* EXERCISE
Output exactly the lines of the listing below that run from the line with "Un salon comprenant" through the line with "Stylish red SUV". No pictures.

* SOURCE MATERIAL
···

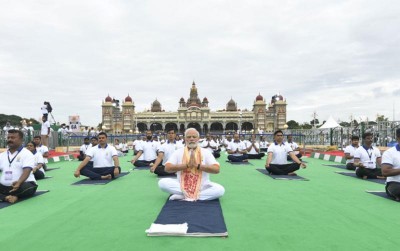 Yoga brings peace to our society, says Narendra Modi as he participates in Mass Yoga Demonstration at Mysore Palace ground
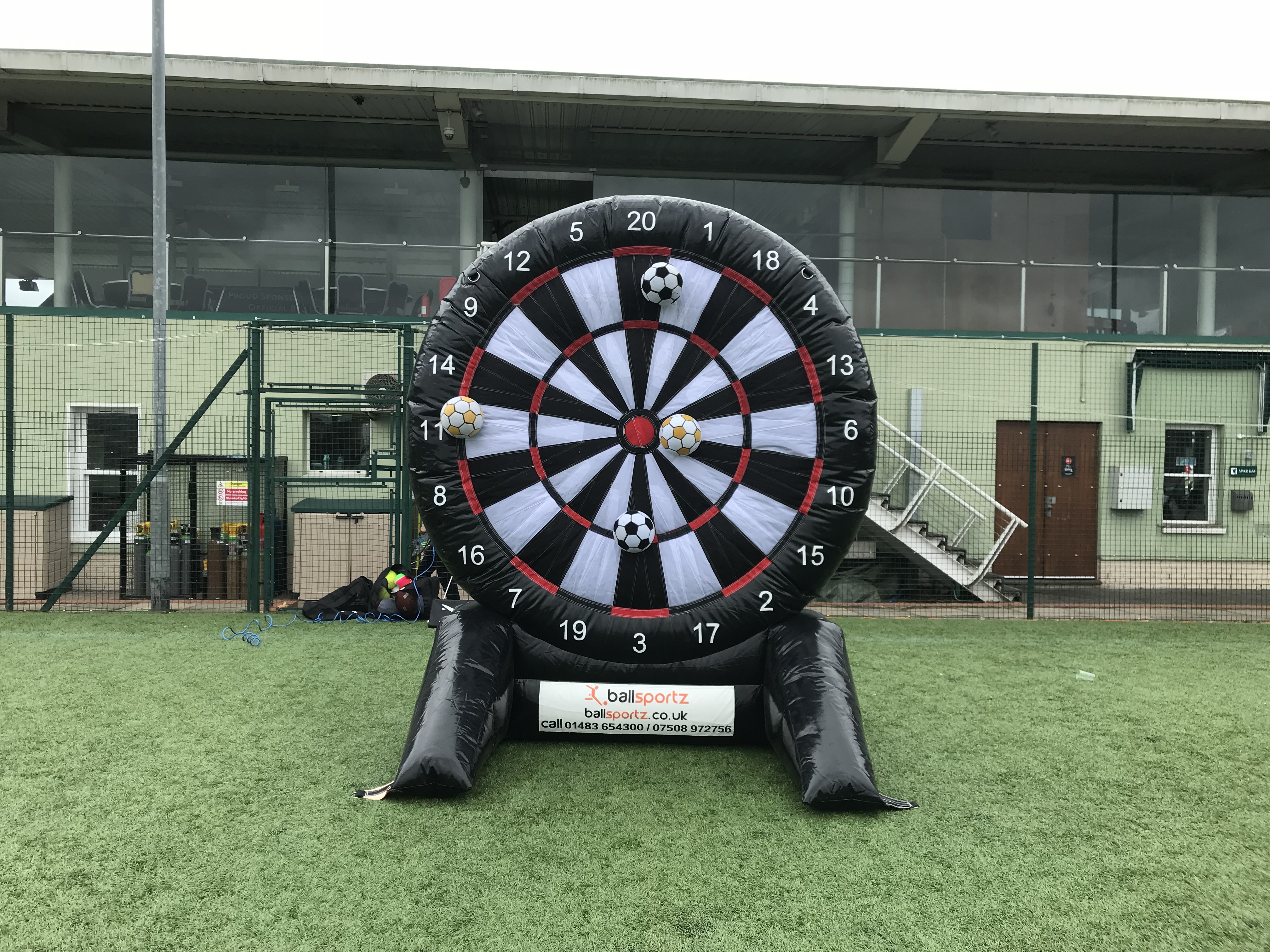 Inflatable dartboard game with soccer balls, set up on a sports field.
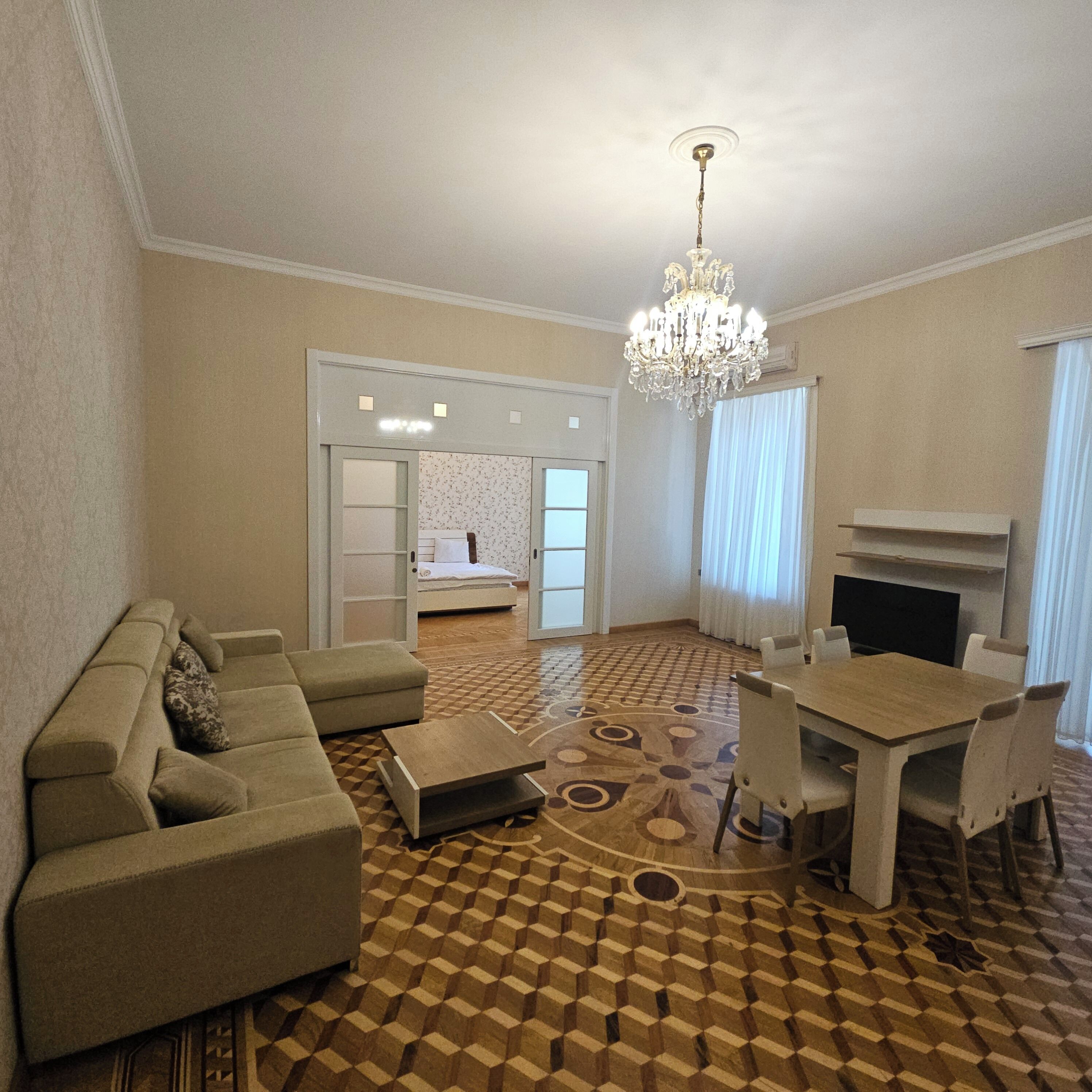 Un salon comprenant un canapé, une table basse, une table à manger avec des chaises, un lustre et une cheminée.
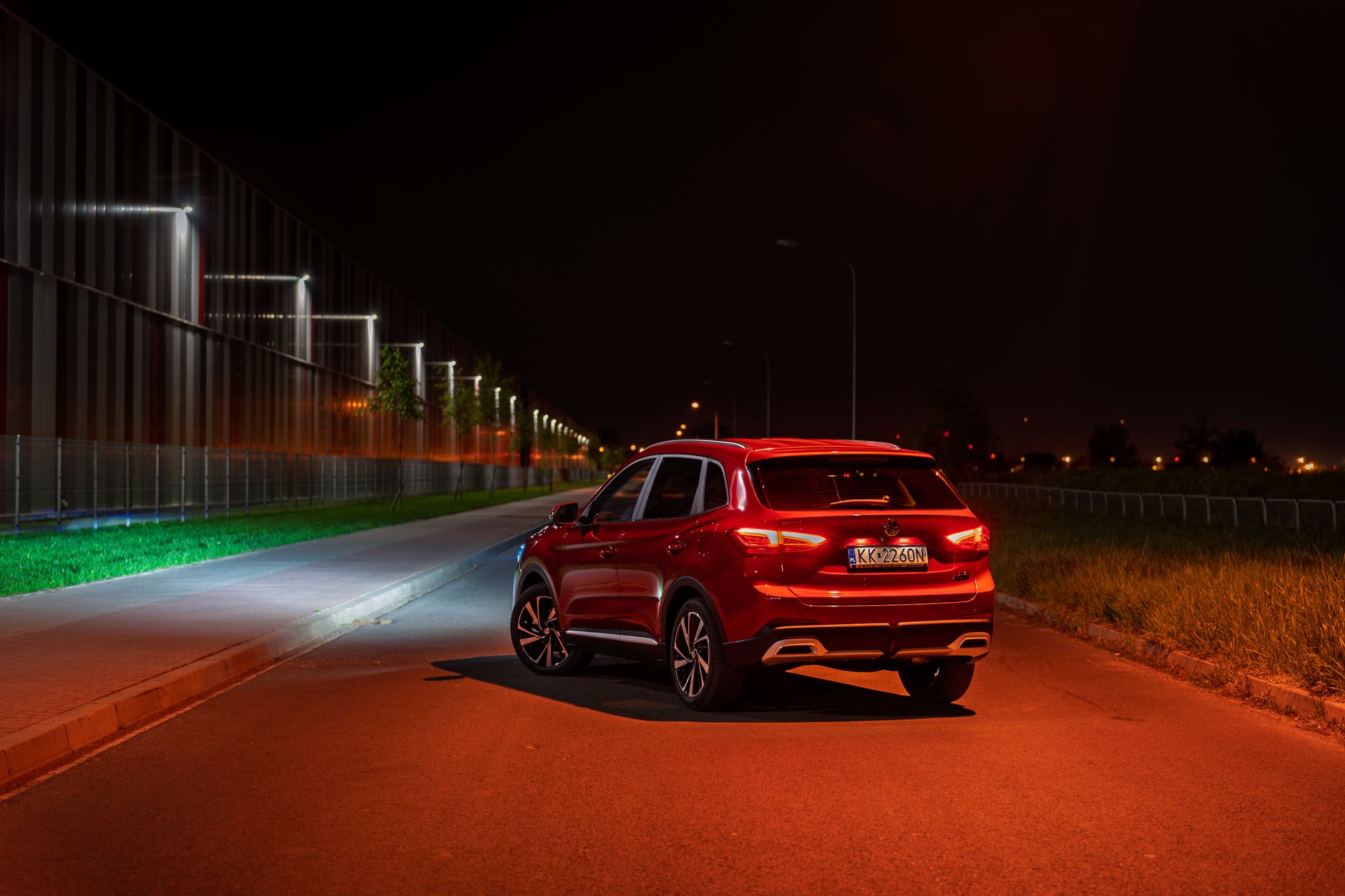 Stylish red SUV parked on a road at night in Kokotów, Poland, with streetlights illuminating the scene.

···

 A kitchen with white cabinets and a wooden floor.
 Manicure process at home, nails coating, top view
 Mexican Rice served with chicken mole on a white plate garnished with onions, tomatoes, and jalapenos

···

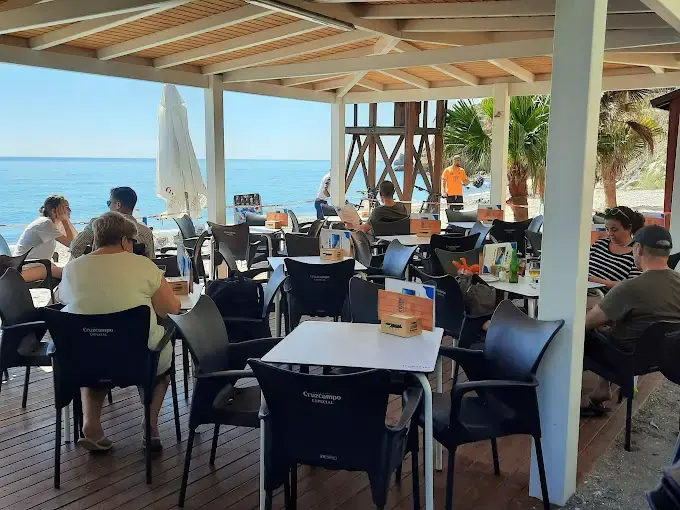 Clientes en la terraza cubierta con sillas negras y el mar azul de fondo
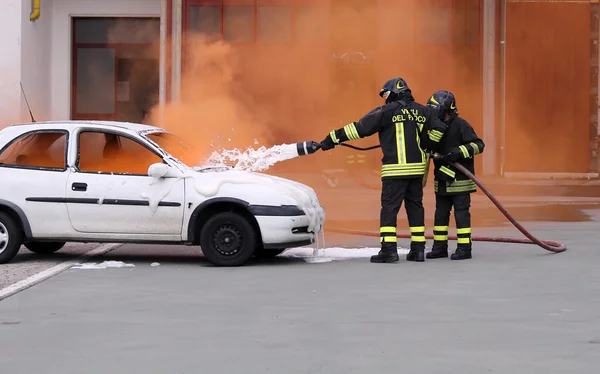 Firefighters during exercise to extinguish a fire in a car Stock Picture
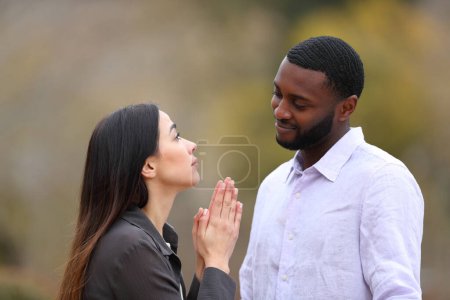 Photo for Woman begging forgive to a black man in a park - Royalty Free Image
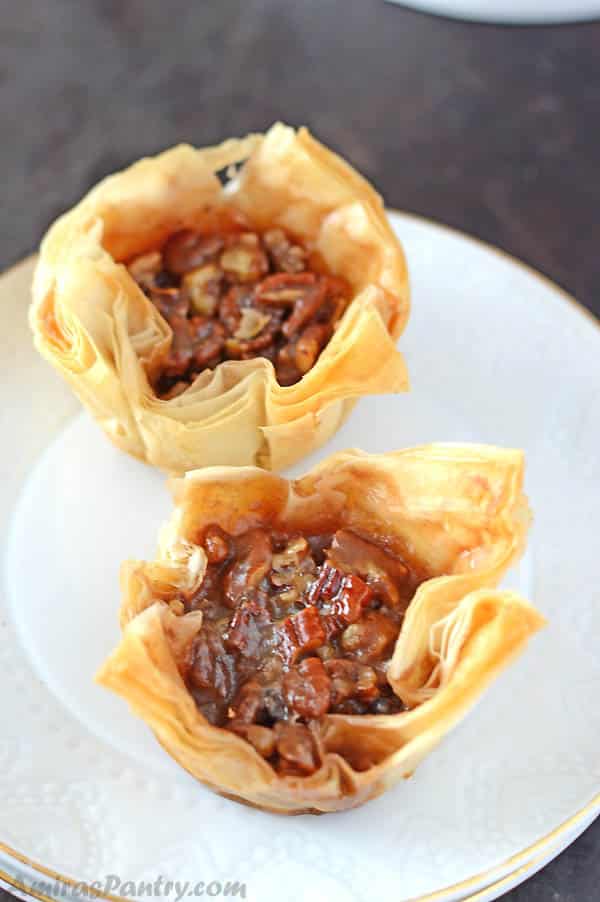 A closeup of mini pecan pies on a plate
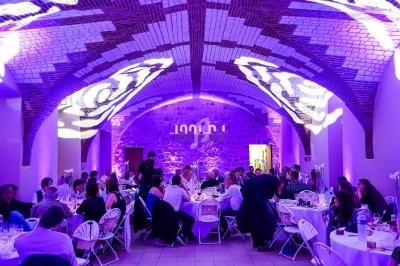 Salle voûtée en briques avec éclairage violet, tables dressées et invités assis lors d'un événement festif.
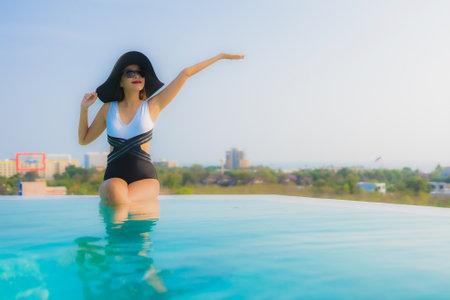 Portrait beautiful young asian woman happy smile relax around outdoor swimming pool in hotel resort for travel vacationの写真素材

···

* ANSWER BOX
 Un salon comprenant un canapé, une table basse, une table à manger avec des chaises, un lustre et une cheminée.
 Stylish red SUV parked on a road at night in Kokotów, Poland, with streetlights illuminating the scene.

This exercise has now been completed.